DESAPARECIDO, UM GRANDE MISTÉRIO ("Missing")


"De 1933 a 1935, Fritz Lang, fugindo do nazismo, tentando encontrar solução na França, afinal encontrou abrigo e trabalho contínuo e condizente nos Estados Unidos. E afinal, convidado pela própria e “burguesíssima” Metro, ali fez “Fúria”. Houve alguma insinceridade ou algum dolo, algum erro de visão, ou cálculo de oportunismo de sua parte? A história do cinema que o diga. Costa-Gavras, depois de “Z”, “Sessão Especial de Justiça” ou “Estado de Sitio”, desta vez não contando nem com Irene Papas-Renato Salvatori, nem com Michel Lonsdale, nem, outra vez, com Salvatori, como nos três filmes acima. Nem fez uma (até incoerente) incursão pelo anti-stalinismo como aquela, fugaz, de “A Confissão”. E o resultado é este “Missing”, que até ganhou Palma de Ouro e prêmio de ator para Jack Lemmon em Cannes, é este “Missing” que até parece glosa a Agnès Varda (“Le Bonheur”), piada com Emil Jannings ou Raymond Burr (Lemmon) ou arremedo a Rosalind Russell, quando no terreno da “sophisticated comedy” (Sissy Spacek). Será que Costa está cultivando o tipo “divertissement”?”

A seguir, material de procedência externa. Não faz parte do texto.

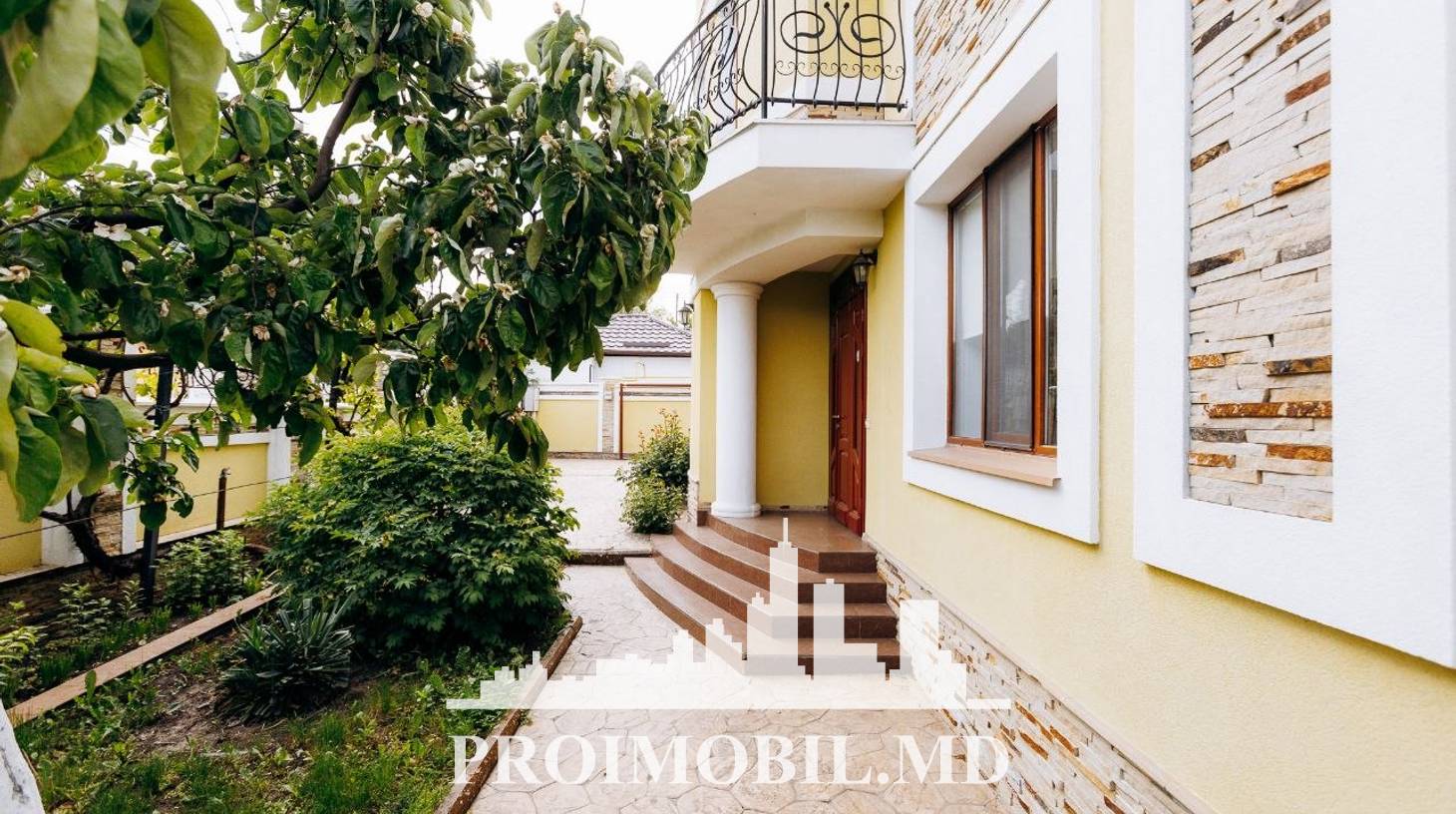 https://images.proimobil.md/sTirdbvYoRzVvO-FqFxTO4_QpvO4KSbOVUO5C-Mqavw/watermark:0.75:so:0:30:0.39/resize:fill:1460:816:1/gravity:ce/bG9jYWw6Ly8vZXN0YXRlL2xyL2MyNmFhNTRiLTJhNjYtNGQ4OC05NmZmLTg1Yzk2NTFiNzgzZS5qcGVn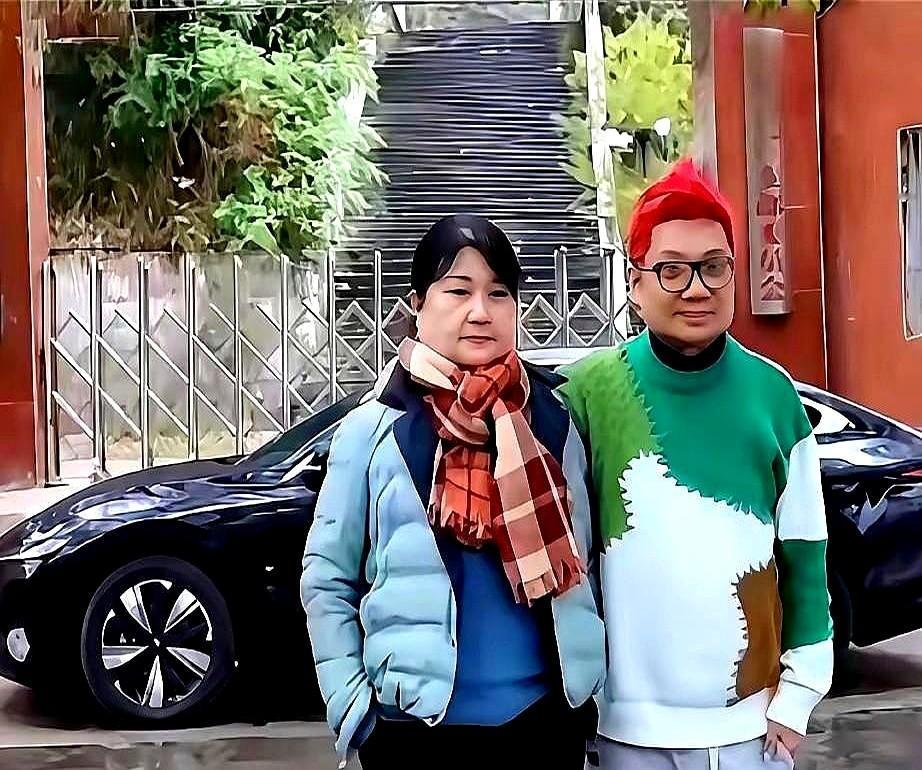 文章标题：兄妹并肩站着

文章内容：信息整合与增量补充：程青松兄妹的自然美学与行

Publicado originalmente no "O Estado de S. Paulo" de 01/08/82.

O SONHO NÃO ACABOU


"Uma juventude de Brasília, que mais parece certa juventude de Copacabana-Ipanema-Leblon ou do nosso terceto USP-Rua Augusta-Bixiga, liberadíssima e só muito tardiamente preocupada com teto, dentista e feijão-com-arroz, mas mesmo assim “revoltada” porque o seu tempo (a década de 70) era sombrio e ela vivia querendo esquecer, fazendo do presente o passado, mesmo porque ainda há muito político da antiga dobradinha ou “mood” PSB-PTB insistindo que esse nefando passado sequer existiu. Fita bem feita, em “andante” bem “hippie à brasileira”, alguns toques de poesia e muitos de “doce insolência”, que, aliás, não condizem e até são conflitantes entre si, e com a temática, os personagens e os problemas (ou com os personagens problema?). Revolta “angry”? Ou “estudantadas”, ou “mocices”, como se diria nos tempos de Álvares de Azevedo, Coelho Neto ou Arthur Azevedo?”

Publicado originalmente no "O Estado de S. Paulo" de 01/08/82.